Output exactly, in the material below, the lines from the one with "SW3D - Lando" through the one with "Hermes Kelly Dépêches 25 Pouch (Leather)". Omit all pictures.

# INPUT
=== Section Start ===

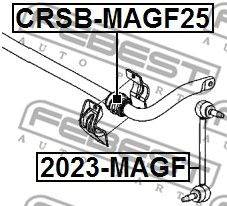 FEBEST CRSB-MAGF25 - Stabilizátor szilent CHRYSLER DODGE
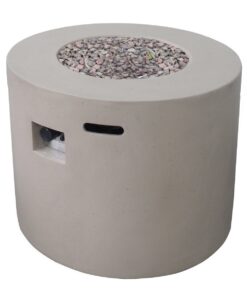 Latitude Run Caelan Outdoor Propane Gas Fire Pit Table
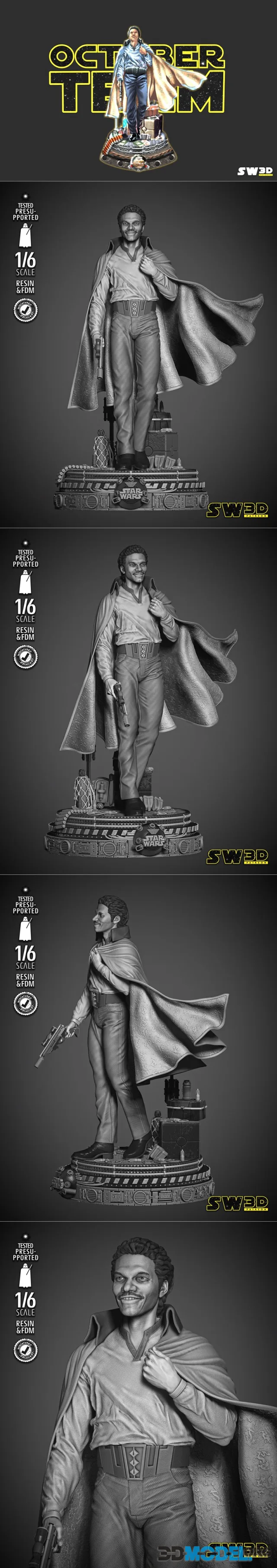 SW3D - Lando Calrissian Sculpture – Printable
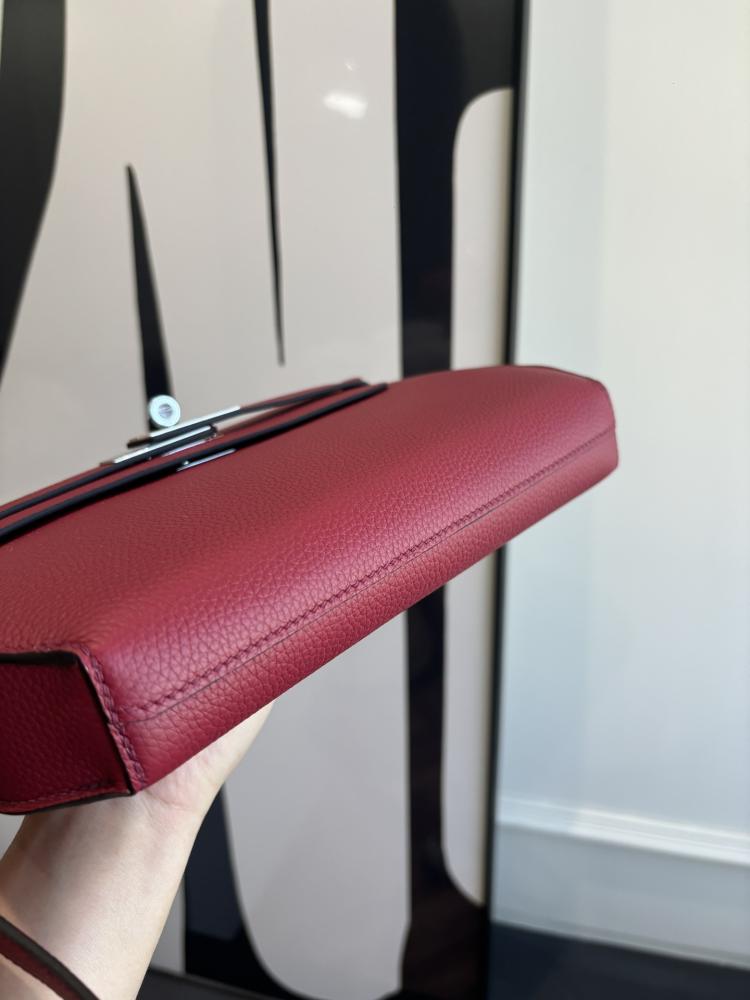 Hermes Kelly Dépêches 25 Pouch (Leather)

=== Section End ===
=== Section Start ===

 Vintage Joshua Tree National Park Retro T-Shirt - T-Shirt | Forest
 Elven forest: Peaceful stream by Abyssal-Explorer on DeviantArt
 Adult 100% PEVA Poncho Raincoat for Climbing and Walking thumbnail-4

=== Section End ===

# TASK RESULT
 SW3D - Lando Calrissian Sculpture – Printable
 Hermes Kelly Dépêches 25 Pouch (Leather)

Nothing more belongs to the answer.